"May the God of hope fill you with great joy and peace as you trust in him." Romans 15:13

Friday, December 4, 2009

Trying Ethiopian Recipes

I love to host occasions, anything from birthdays to baby showers. I love to plan a menu whether simple or elaborate and try new things. Since deciding to adopt an Ethiopian child, I have been trying to learn about the things that culture likes to eat.

I have decided that Chad will be a much better Ethiopian eater and cook than I will be! Their food is known to be spicy with lots of onions (my least favorite food!), peppers, and other veggies. (I try but I am not too much of a veggie eater, especially the spicy ones like onions and peppers.)

Berbere (bar-bare-ree) is the most common cooking spice. According to my most recent reading, it is actually a combination of spices that begins with very hot red chili peppers. Up to 20 other spices are added to the mix. Spices like garlic, nutmeg, cardamom, cumin, etc are added as per the cooks special taste. Traditionally Ethiopian women go to market and choose exactly which spices they will use for there berbere. They dry the red chilis themselves and then grinds them along with all the other spices they have chosen with a mortar and pestle. It is very time consuming (seriously, can you imagine grinding spices by hand!) so they often make big quantities, like 15 pounds at a time.

Does making a special spice blend to match your taste not sound like my husband! He creates everything he cooks to taste, no recipes for my man. And spicy is his middle name. One year he made deer sausage so spicy the kids still argue when he mentions hunting for a doe. (The year after the too spicy sausage he had a buck tag. In order to get the kids to try deer sausage again, we convinced them that just does were spicy. It worked, but they prefer horned game now! Chad says it worked out quite well in the end, he would much rather hunt horned game anyway!)

Ethiopia was not introduced to sugar until 1934. They still much prefer spicy, salty snacks to sweet. The coffee ceremony is a very important part of entertaining. ( I will bore you with the details I have learned about that another time.) With coffee they serve spiced popcorn or little spicy crackers called kolo (koh-loh).
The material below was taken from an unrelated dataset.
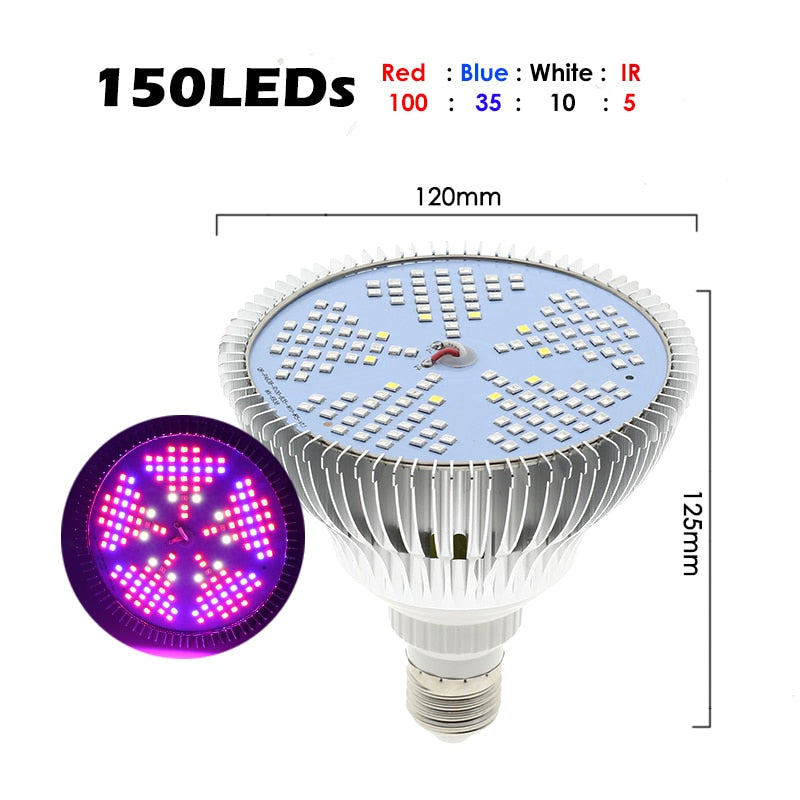 Luz LED de cultivo 150Leds 200Leds Full Spectrum Sunlike E27 Bombilla LED de crecimiento para hidroponía de interior Flores Plantas Lámpara de crecimiento LED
I LOVE popcorn, so I tried a recipe I found for Ethiopian spiced popcorn tonight.

Want to try it?
To a big bowl of popped corn (I popped mine in oil, more authentic and I hate microwave popcorn) add:
2 T Melted Butter
1/2 tsp each of cayenne pepper and paprika
1/4 tsp each of cumin and garlic powder
Mix the spices into the melted butter and pour over the popped corn, salt to taste.

I thought it was pretty yummy!

Better watch out coming to eat at our house for a while. I have some bebere on order and I plan to keep experimenting. If you have Ethiopian recipes send them my way. I figure when kids are toddlers trying new foods can be pretty daunting. If we can make a few things that will not seem so foreign for Joshua, hopefully trying our family favorites will seem a little less weird. I may need some Tums though, even the recipe I found for eggs has jalapeno, garlic, ginger, cardamom, and onions in it! Yuck, I say - Chad just grins! He's going to enjoy this!